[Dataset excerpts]
--

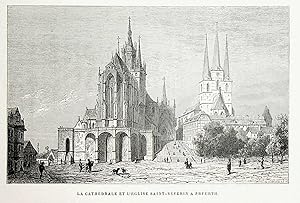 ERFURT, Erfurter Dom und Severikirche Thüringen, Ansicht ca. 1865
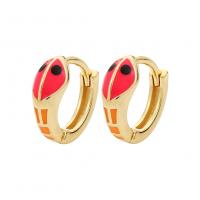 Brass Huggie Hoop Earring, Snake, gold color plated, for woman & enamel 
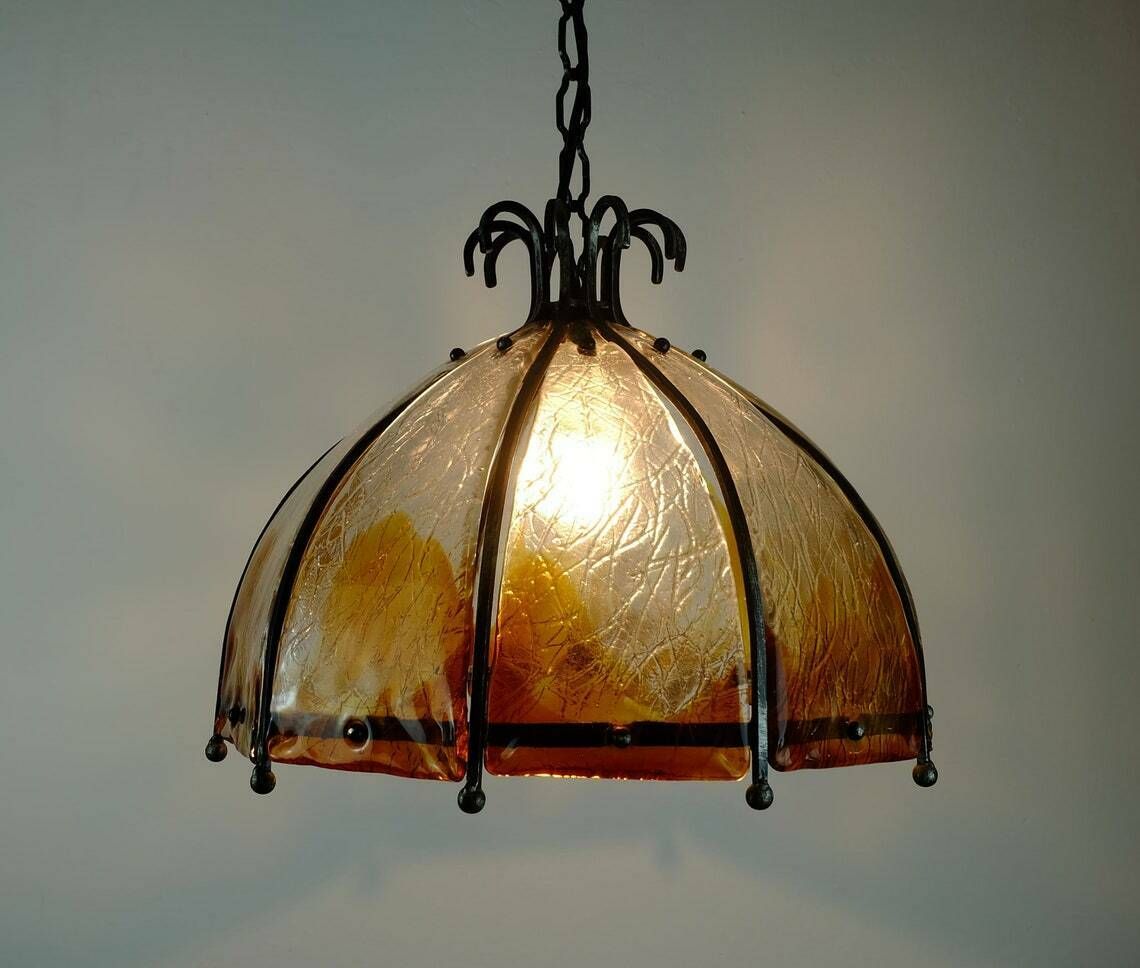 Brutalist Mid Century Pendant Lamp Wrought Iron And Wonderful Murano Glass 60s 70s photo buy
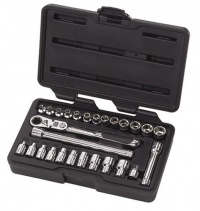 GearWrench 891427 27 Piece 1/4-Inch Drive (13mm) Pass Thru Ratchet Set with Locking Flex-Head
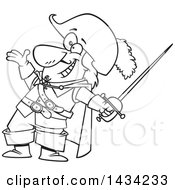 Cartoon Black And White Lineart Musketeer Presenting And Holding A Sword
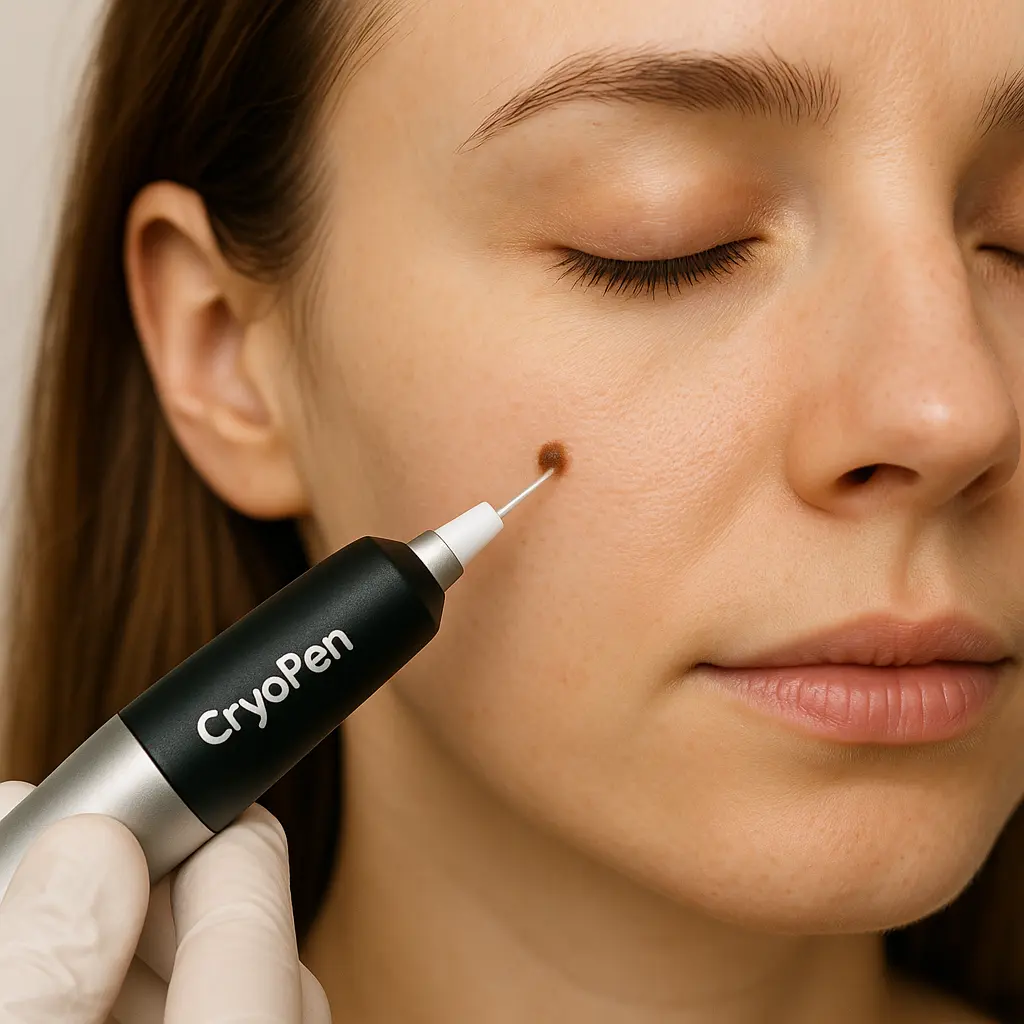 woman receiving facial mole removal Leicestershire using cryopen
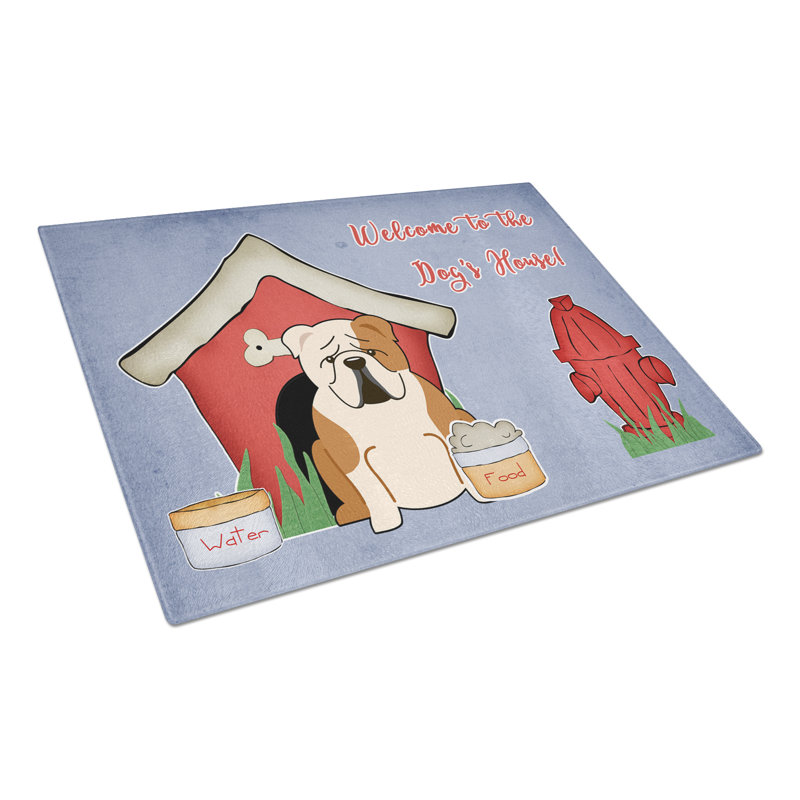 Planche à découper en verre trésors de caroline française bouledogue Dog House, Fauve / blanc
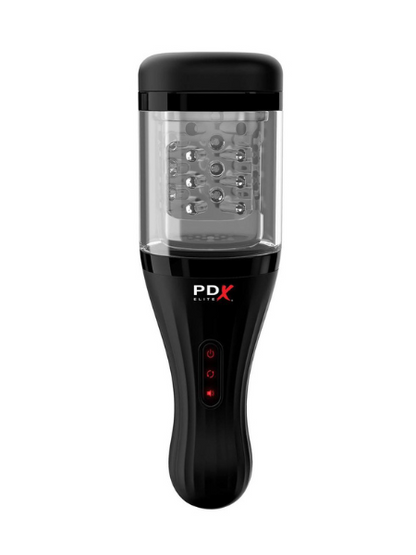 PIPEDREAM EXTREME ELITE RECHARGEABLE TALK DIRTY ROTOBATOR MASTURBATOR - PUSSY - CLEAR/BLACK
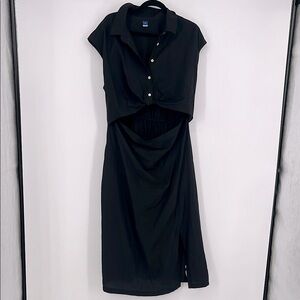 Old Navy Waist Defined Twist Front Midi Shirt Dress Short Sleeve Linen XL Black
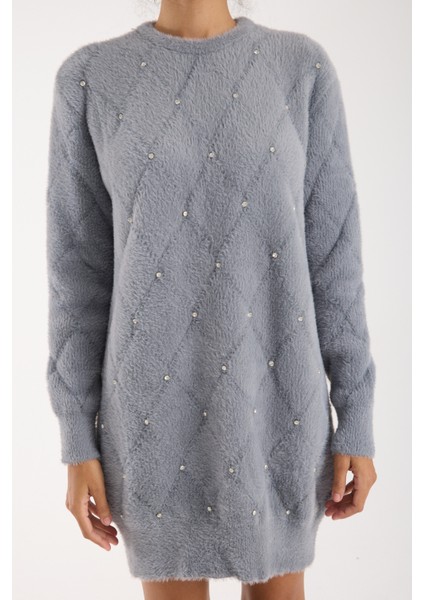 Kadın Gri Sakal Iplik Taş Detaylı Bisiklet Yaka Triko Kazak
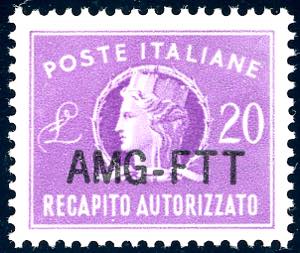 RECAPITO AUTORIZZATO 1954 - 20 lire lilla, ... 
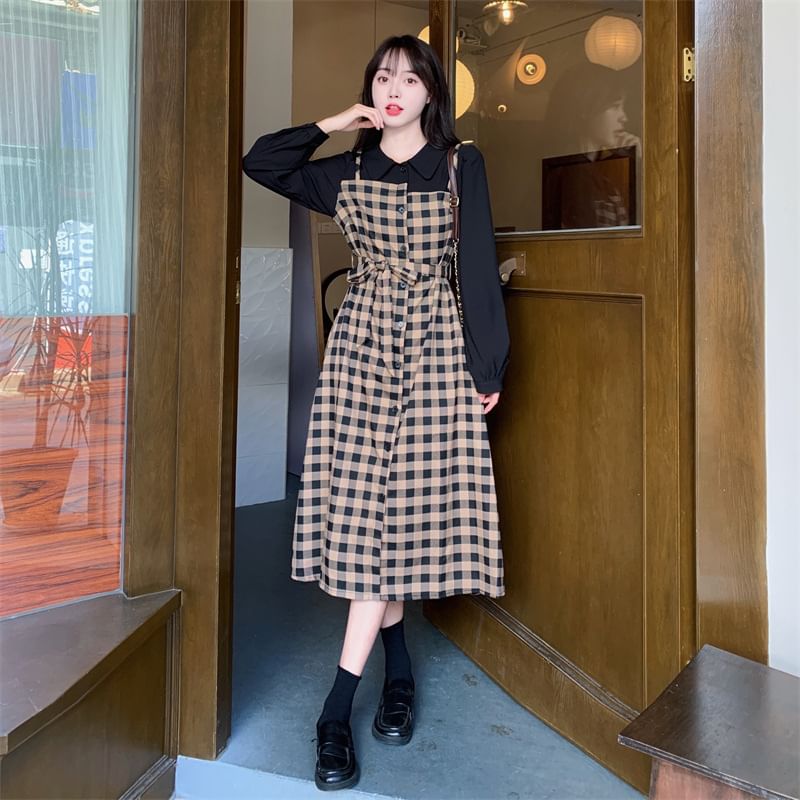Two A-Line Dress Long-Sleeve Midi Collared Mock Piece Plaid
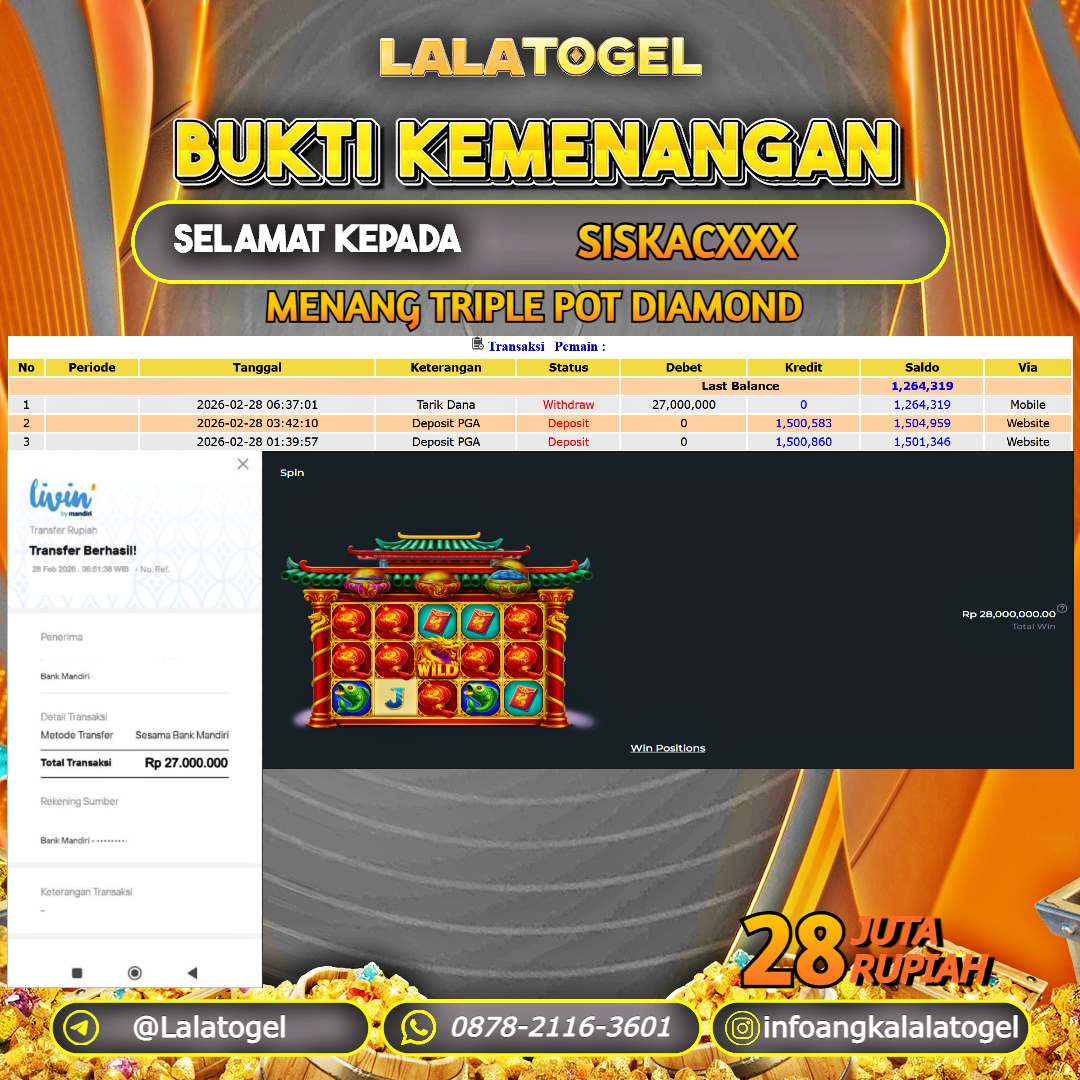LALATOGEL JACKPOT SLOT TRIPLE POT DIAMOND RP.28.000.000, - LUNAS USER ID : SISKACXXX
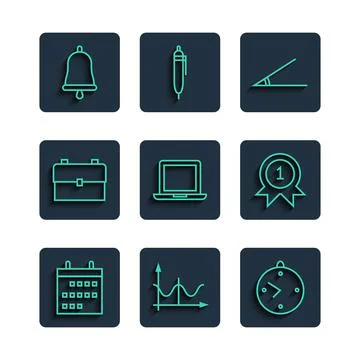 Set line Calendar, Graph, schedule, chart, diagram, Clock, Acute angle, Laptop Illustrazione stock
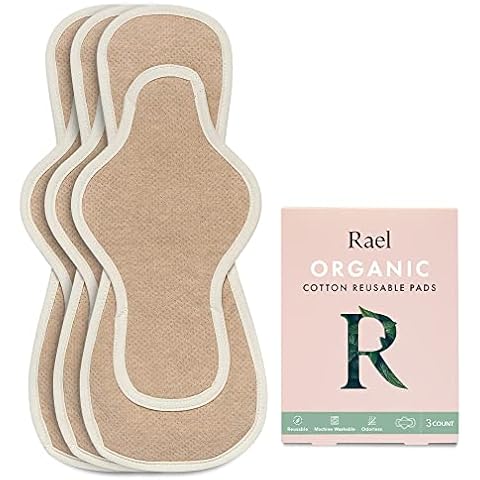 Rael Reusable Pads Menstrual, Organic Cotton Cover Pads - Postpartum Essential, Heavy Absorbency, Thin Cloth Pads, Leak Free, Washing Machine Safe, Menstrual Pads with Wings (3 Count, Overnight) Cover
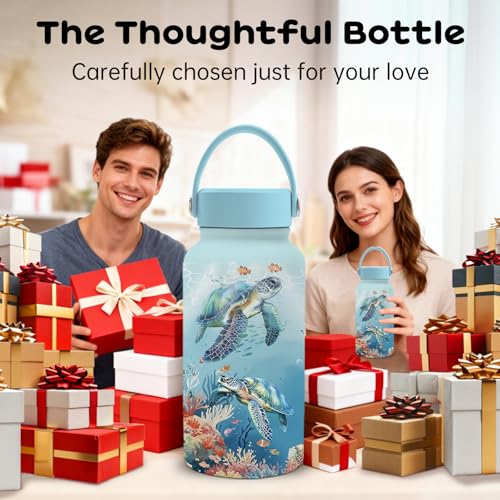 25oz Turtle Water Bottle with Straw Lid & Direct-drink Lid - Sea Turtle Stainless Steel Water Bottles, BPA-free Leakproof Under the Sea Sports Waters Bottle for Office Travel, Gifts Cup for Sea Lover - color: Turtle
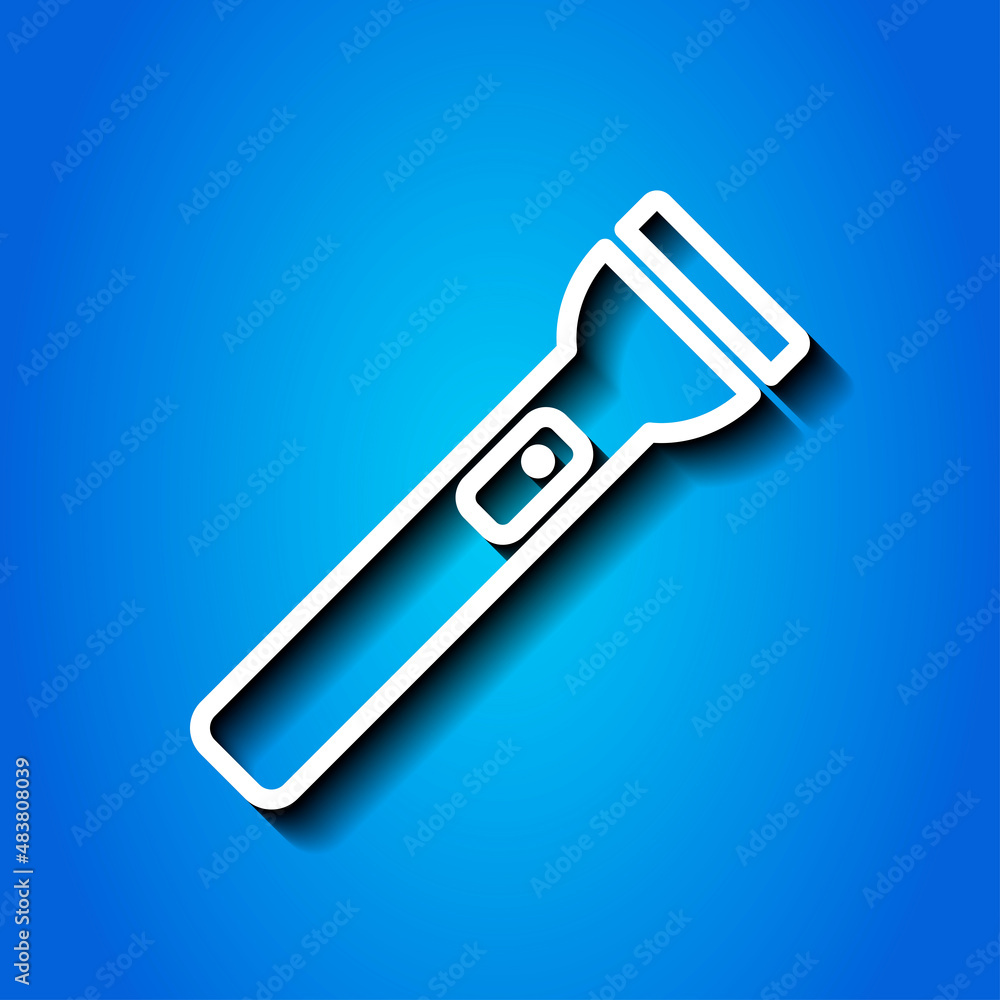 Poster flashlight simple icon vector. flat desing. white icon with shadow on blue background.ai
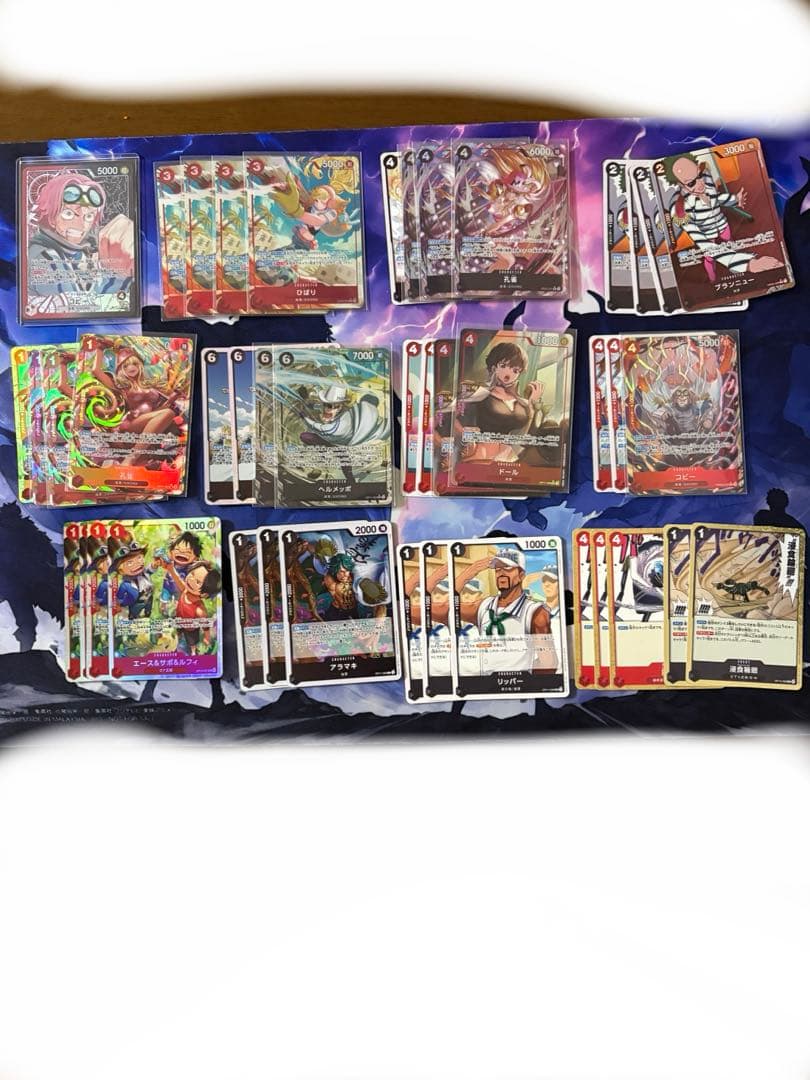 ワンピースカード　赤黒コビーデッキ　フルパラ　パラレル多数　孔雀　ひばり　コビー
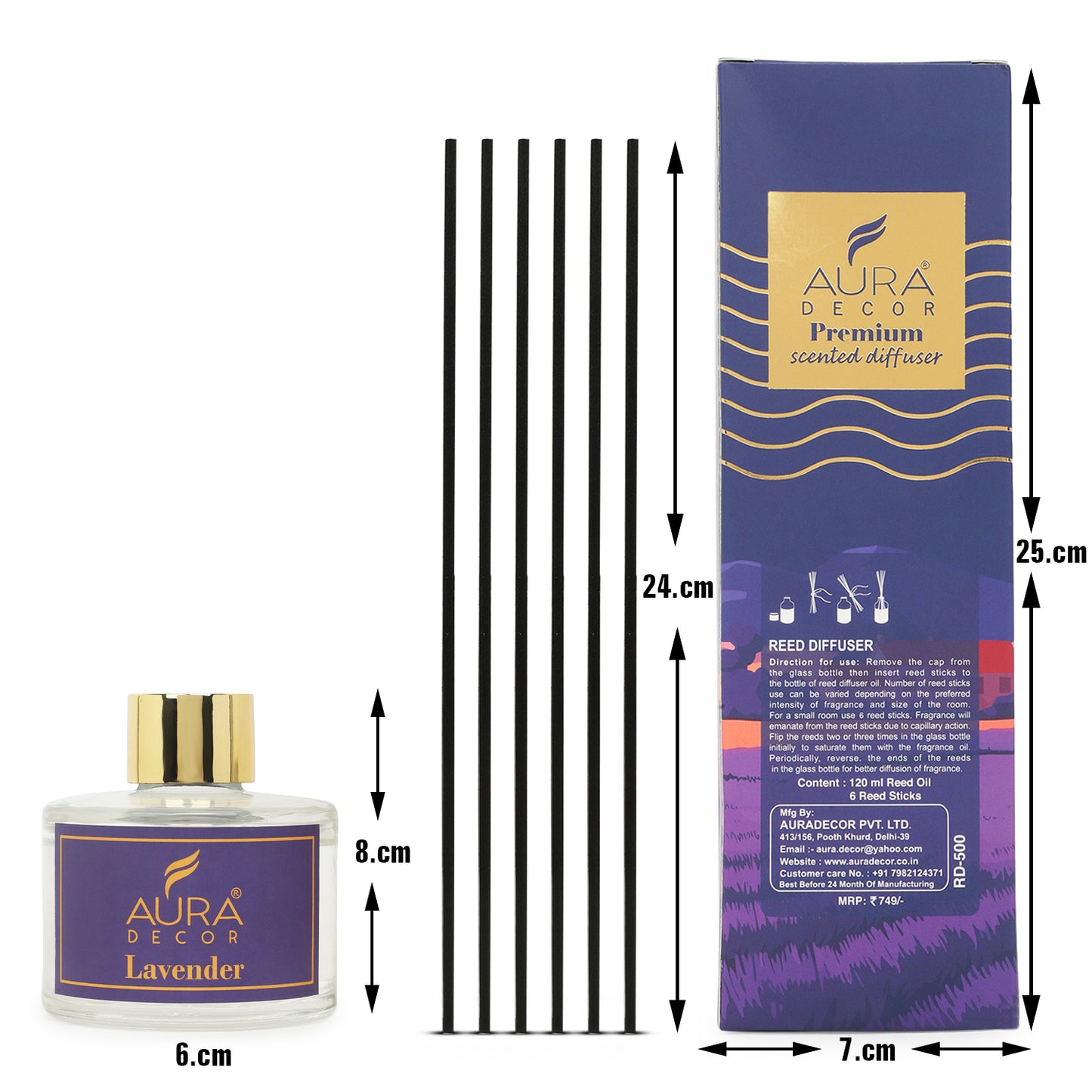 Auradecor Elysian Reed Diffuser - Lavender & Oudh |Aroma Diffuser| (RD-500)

--

**Exercise brief:** Drop the pictures; return the lines above from the line containing "Brass Huggie Hoop" to the line containing "GearWrench 891427 27", both included, exactly.

**Expected answer:**
 Brass Huggie Hoop Earring, Snake, gold color plated, for woman & enamel 
 Brutalist Mid Century Pendant Lamp Wrought Iron And Wonderful Murano Glass 60s 70s photo buy
 GearWrench 891427 27 Piece 1/4-Inch Drive (13mm) Pass Thru Ratchet Set with Locking Flex-Head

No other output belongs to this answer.